Ilustrasi Pekerja China.

Photo :
  • www.technologyreview.com

"Dengan menyeimbangkan pemulihan dan hukuman, kami telah mendukung pemasok kami dengan pelatihan untuk mengatasi risiko kepatuhan dalam operasi mereka, sembari mengambil langkah tegas namun perlu untuk mengakhiri hubungan kerja jika diperlukan," tulis Sky Xu, CEO Shein, dalam catatan di awal laporan.

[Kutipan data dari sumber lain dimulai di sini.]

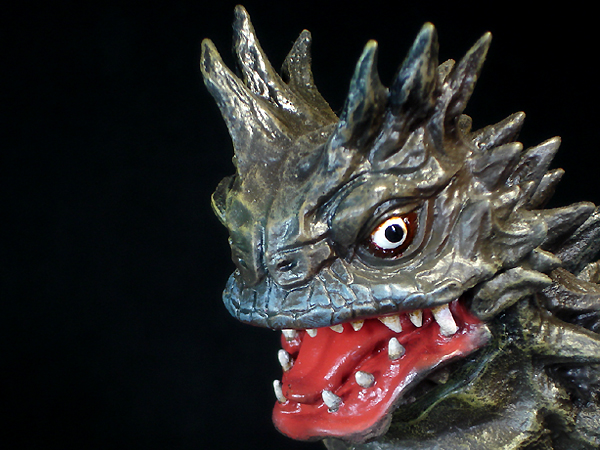 ビリケン商会】 宇宙怪獣ベムラー ジオラマ完成品 竜ヶ森湖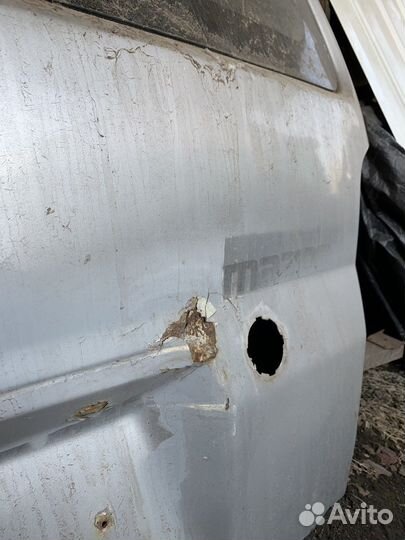 Крышка багажника Mazda Demio 1999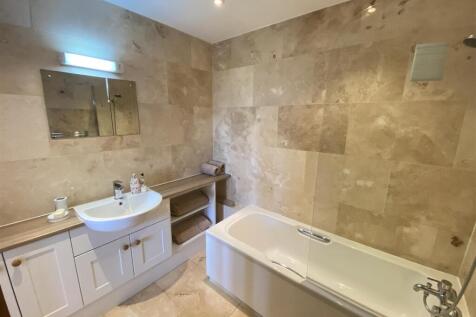 En Suite Bathroom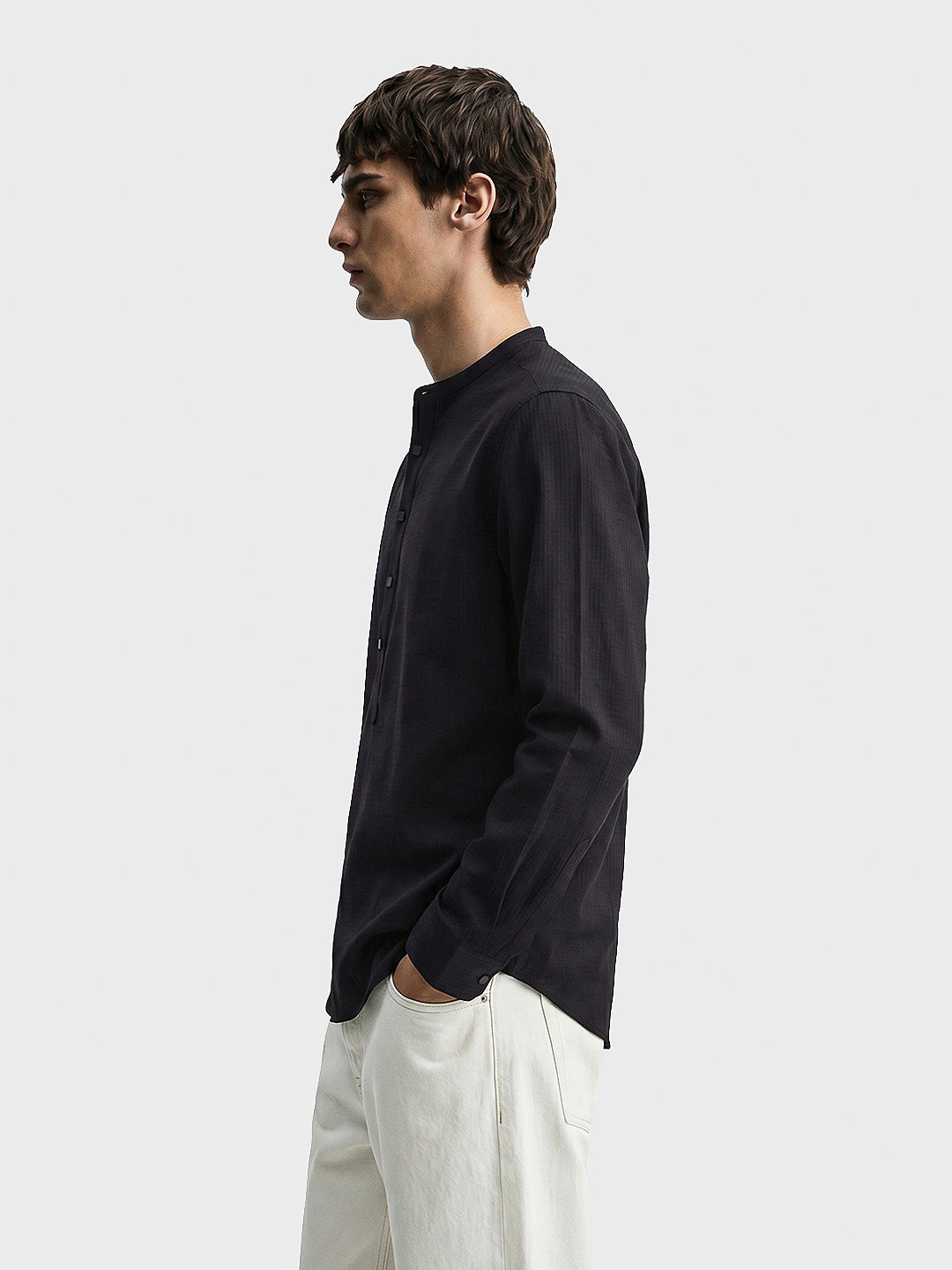 Men's Black Regular Fit Solid Casual Shirt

Para pembuat undang-undang di Amerika Serikat berulang kali mengemukakan kekhawatiran tentang pelanggaran ketenagakerjaan di perusahaan-perusahaan Tiongkok yang menjual barang-barang kepada konsumen Amerika, karena PKT diketahui menggunakan kamp kerja paksa. 

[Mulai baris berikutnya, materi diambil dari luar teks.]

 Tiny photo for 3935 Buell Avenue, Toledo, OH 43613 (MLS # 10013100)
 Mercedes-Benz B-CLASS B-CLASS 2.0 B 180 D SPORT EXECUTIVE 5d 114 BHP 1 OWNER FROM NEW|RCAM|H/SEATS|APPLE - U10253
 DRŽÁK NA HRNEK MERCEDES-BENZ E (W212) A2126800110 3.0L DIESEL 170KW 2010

Dalam beberapa bulan terakhir, telah terkonfirmasi beberapa kasus kerja paksa di Tiongkok, demikian laporan The Epoch Times.

Undang-Undang Pencegahan Kerja Paksa Uighur (UFLPA) mulai berlaku pada tahun 2022, yang melarang impor produk kerja paksa. Nama undang-undang tersebut merujuk pada penganiayaan rezim Tiongkok terhadap etnis minoritas Uighur di wilayah Xinjiang.

Menurut laporan federal AS tahun 2022, wilayah Xinjiang, yang diketahui melibatkan kerja paksa, menyumbang 87 persen produksi kapas Tiongkok, sementara studi terkini menemukan bahwa kapas Xinjiang digunakan dalam 19 persen impor AS, naik dari 16 persen yang ditemukan dalam survei pihak ketiga pada tahun 2022.

Kelompok anggota parlemen bipartisan telah berulang kali meminta Shein untuk berbuat lebih banyak untuk memastikan perusahaan tidak mendapatkan keuntungan dari proyek kerja paksa PKT. 

Pengecer mode cepat Shein dan pasar daring Cina Temu telah menunjukkan bahwa UFLPA tidak berlaku untuk impor mereka karena paket yang dikirim dari Cina ke konsumen secara individual bernilai di bawah $800 dan tidak dikenakan pemeriksaan di perbatasan, demikian laporan The Epoch Times.

Shein, pada November tahun lalu, mengajukan IPO di AS, yang memicu seruan baru dari para legislator yang menuntut pengecer daring itu membuktikan bahwa mereka tidak mendapat keuntungan dari kerja paksa jika ingin go public di bursa saham AS.

Pada bulan Juni 2024, perusahaan mengajukan IPO di London secara rahasia, dan Senator AS Marc Rubio (R-Fla.), yang memperkenalkan UFLPA, mendesak anggota parlemen Inggris untuk menyelidiki perusahaan tersebut sebelum mengizinkannya go public, seperti dilansir The Epoch Times. 

Pejabat Inggris menyuarakan kekhawatiran anggota parlemen AS, seperti yang dilaporkan. "Yang jelas, jika ada perusahaan yang menggunakan kerja paksa dalam rantai pasokannya, perusahaan itu seharusnya tidak boleh berbisnis di Inggris sama sekali, tidak perlu dipertanyakan lagi di mana perusahaan itu terdaftar," kata Menteri Bisnis Inggris Jonathan Reynolds kepada stasiun radio berita digital Times Radio yang berkantor pusat di London.